The first real association of St. Valentine’s Day with romantic love, or ‘love birds’, derives from Geoffrey Chaucer. Dating from 1382, Chaucer celebrated the engagement of the 15-year-old King Richard II to Anne of Bohemia via a poem, in which he wrote: For this was on St. Valentine’s Day, when every bird (fowl) cometh to choose his mate.
But, of course, it was a Frenchman who is recorded as sending the very first Valentine's love note to his sweetheart. Charles, the Duke of Orléans was held captive in the Tower of London after the Battle of Agincourt in 1415 and in the note he sent to his wife, the duke talks of his love of “my very sweet Valentine”.

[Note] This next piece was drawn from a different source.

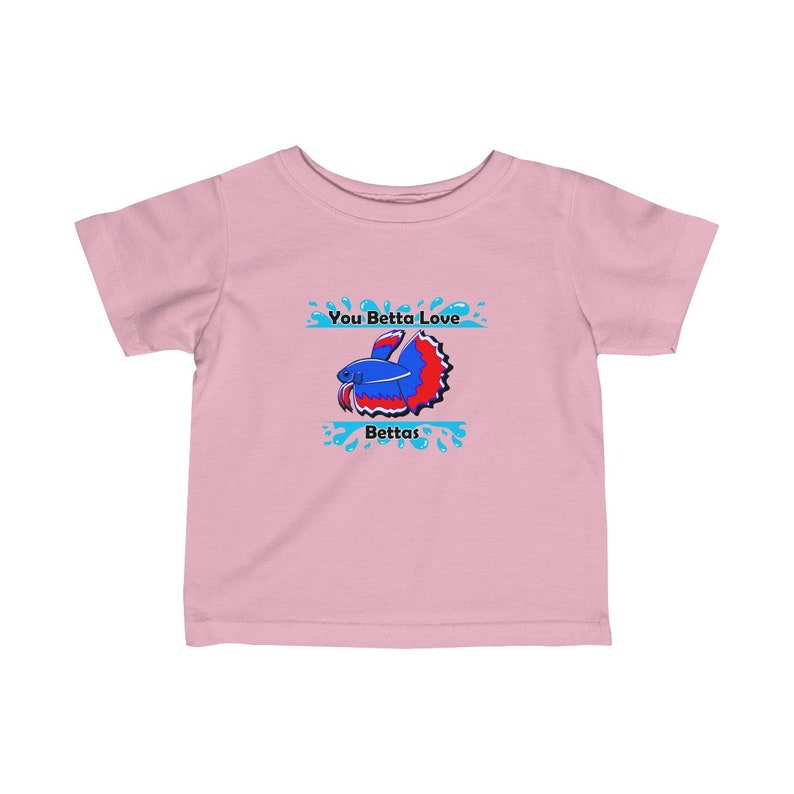 Betta Fish Infant Fine Jersey Tee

By 1601, St. Valentine’s Day appears to be an established part of English tradition and soon became standard practice, with a helpful guide, ‘The Young Man’s Valentine Writer’, being published in 1797 - presumably because the Young Men were so besotted that they could not think of their own verses. But it was not until the introduction of the Penny Post in 1840 that sending anonymous Valentine's Day Cards became affordable for ordinary folk. And all over the country, printers started to mass-produce the Valentine Cards that we recognise today, complete with pre-prepared verses and pretty pictures.
In 1847, this quaint English tradition was introduced to the unsuspecting American public and the rest, as they say, is history… In the US alone, approximately 190 million Valentine cards, which may have made Hallmark the Company it is today, are now sent each year; worldwide, the figure is estimated to be closer to 1 billion.
But of course, with the advent of the World Wide Web and social media, a new chapter in the story of St Valentine has just begun.